Muffet McGraw has long considered herself an educator first, coach second.
It’s fitting, then, that the legendary Notre Dame women’s basketball head coach, who retired in 2020 after 33 seasons at the university and 936 career wins, is now teaching a leadership course on the South Bend, Indiana, campus where she’s a renowned figure.
“I love what I’m doing right now. I love teaching because I think it’s just like coaching,” said McGraw, who also serves as a basketball analyst for ESPN. “(Coaches) are educators. Our main job, at least for me, is to empower women, to build confidence in women, to talk about the life skills that they are going to learn that are going to really help them throughout their lives.”
Because of McGraw’s decades helping mold student-athletes, she was selected as the 2023 NCAA Pat Summitt Award winner. Established in 2017, the Summitt Award recognizes an individual in the NCAA’s membership who has demonstrated devotion to the development of student-athletes and has made a positive impact on their lives. McGraw will receive the award during the 2023 NCAA Convention in San Antonio.
“Muffet McGraw represents the very best in college sports – as a coach, a mentor, a teacher, and an advocate. Her remarkable record on the court speaks for itself,” NCAA President Mark Emmert said. “Even more important are the countless lives she has touched, imparting lessons and values that set her athletes on the road to success in whatever endeavors they choose. We all owe her a debt of gratitude.”
A former point guard at Saint Joseph’s, McGraw described the honor as “inspiring” and “humbling.” Like many coaches, McGraw admired Summitt for how she led her team and elevated the women’s game.
“She is somebody that everybody looked up to. Everybody knew that she wanted our game to be as good as it could be,” McGraw said of the late Summitt, who died in 2016, five years after being diagnosed with early onset Alzheimer’s disease. “Having an award named after Pat … it’s really humbling for me.”
While McGraw downplayed any personal comparison to Summitt, her career resume is among the coaching elite.

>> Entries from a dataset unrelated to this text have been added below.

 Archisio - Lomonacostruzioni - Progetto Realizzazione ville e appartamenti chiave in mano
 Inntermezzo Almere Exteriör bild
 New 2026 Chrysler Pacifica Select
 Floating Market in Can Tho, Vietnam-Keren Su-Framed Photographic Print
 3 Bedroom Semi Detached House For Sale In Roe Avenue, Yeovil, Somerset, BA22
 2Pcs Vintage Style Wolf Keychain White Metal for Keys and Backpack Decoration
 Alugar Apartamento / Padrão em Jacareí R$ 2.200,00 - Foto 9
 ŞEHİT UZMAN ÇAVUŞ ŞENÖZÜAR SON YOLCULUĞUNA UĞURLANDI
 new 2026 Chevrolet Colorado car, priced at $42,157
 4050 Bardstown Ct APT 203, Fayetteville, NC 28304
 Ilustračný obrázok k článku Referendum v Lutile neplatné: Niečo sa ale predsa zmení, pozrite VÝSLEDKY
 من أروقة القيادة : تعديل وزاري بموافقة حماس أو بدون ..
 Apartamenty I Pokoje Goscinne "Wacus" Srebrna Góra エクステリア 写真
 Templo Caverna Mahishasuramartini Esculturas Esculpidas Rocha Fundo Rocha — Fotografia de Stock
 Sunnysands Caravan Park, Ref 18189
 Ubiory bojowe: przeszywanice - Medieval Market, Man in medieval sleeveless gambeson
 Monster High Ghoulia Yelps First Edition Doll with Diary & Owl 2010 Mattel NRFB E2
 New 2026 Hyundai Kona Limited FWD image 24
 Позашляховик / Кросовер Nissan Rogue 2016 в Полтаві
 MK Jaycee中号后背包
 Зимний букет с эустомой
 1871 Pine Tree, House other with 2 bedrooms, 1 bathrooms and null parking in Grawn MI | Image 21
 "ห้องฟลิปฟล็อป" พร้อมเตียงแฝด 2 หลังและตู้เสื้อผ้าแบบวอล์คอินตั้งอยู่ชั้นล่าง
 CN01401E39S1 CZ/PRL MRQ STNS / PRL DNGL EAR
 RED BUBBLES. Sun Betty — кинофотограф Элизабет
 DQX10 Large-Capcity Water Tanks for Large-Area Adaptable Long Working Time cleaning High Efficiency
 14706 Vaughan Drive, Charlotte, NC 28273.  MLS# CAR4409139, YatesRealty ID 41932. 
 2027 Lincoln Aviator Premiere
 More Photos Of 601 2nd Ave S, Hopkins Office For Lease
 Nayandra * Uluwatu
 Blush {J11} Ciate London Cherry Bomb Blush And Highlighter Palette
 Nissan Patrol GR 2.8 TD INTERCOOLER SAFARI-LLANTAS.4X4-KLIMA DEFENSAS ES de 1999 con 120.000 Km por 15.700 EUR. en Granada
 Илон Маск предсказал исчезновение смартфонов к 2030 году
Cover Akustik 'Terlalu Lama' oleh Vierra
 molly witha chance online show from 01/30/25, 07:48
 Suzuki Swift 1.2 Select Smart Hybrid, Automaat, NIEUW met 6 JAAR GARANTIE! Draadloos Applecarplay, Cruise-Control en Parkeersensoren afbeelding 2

McGraw sits No. 7 on the all-time wins list for women’s college basketball coaches, four spots behind Summitt in third. The Notre Dame coach, whose teams cut down the nets in 2001 and 2018, retired as one of six women’s basketball coaches to win multiple NCAA championships. The Irish played in nine Final Fours under McGraw. She received Associated Press Coach of the Year honors four times, along with earning Naismith Coach of the Year, U.S. Basketball Writers Association Coach of the Year and Women’s Basketball Coaches Association Coach of the Year three times each. In 2017, she received the John R. Wooden Legends of Coaching Award and was inducted into the Naismith Memorial Basketball Hall of Fame.
Among McGraw’s core philosophies, she said one is at the heart of the success she’s experienced. The essence of it: What you allow is what will continue.
“You set the standard, and your culture is what makes you successful,” McGraw said. “The things that you’re going to demand from your players and the things that you tell them, ‘This is where the bar is. We’re going to keep this bar high, and I am not going to accept anything under this. This is the way we act. This is the way we carry ourselves on the court. This is the way we want people to look at us. This is our reputation, and that is important to me.’ So I think I could be really demanding and telling them, ‘This is what the standard is, and you have to rise to the occasion,’ because I just wasn’t going to allow anything that was mediocre.”
McGraw’s pair of national championships were products of this standard. Still, she said witnessing smaller moments of player growth toward that higher bar are her favorite moments to look back on.
“They have that moment in a game when it all comes together, and you can just see them kind of standing a little taller and walk in with a little more confidence because in their minds they did it. They got to this moment they thought they could be there, and now they finally achieved what they thought they could. And it’s such a powerful moment,” she said. “When you think of all those great things that you learn from playing sports that help you, no matter what you go through, I love when the players would come back and say, ‘This really difficult thing happened to me. But I knew I could handle it because I knew I’d faced adversity before, and you helped me get through that.’
“I love that moment of seeing the potential of seeing what they can do when they leave Notre Dame. It is just so rewarding to see what these women can do out in their communities and out in the world.”
During the COVID-19 pandemic, McGraw made it her mission to make an impact on communities outside basketball. An idea to hold one food drive blossomed into Meals with Muffet, now a nationwide food drive in its third year. It allows clubs, groups, families and individuals to team up in the fight against hunger in their communities.
Teaching her course called “Sports Leadership: How Leaders Help Teams Flourish” at the Notre Dame Mendoza College of Business has been another avenue to continue impacting the next generation.
For McGraw, it’s a way to continue the primary reason she coached: education.
“I’m really enjoying my students. I’m learning a lot,” McGraw said. “It’s obviously a lot about what I did in coaching. It’s all about teamwork. It’s all about culture. It’s about being a great teammate and what you can add and how you become a leader. I’m just trying to be a role model and keep people thinking and talking about how we can improve and what ways we can get more people involved in leadership.”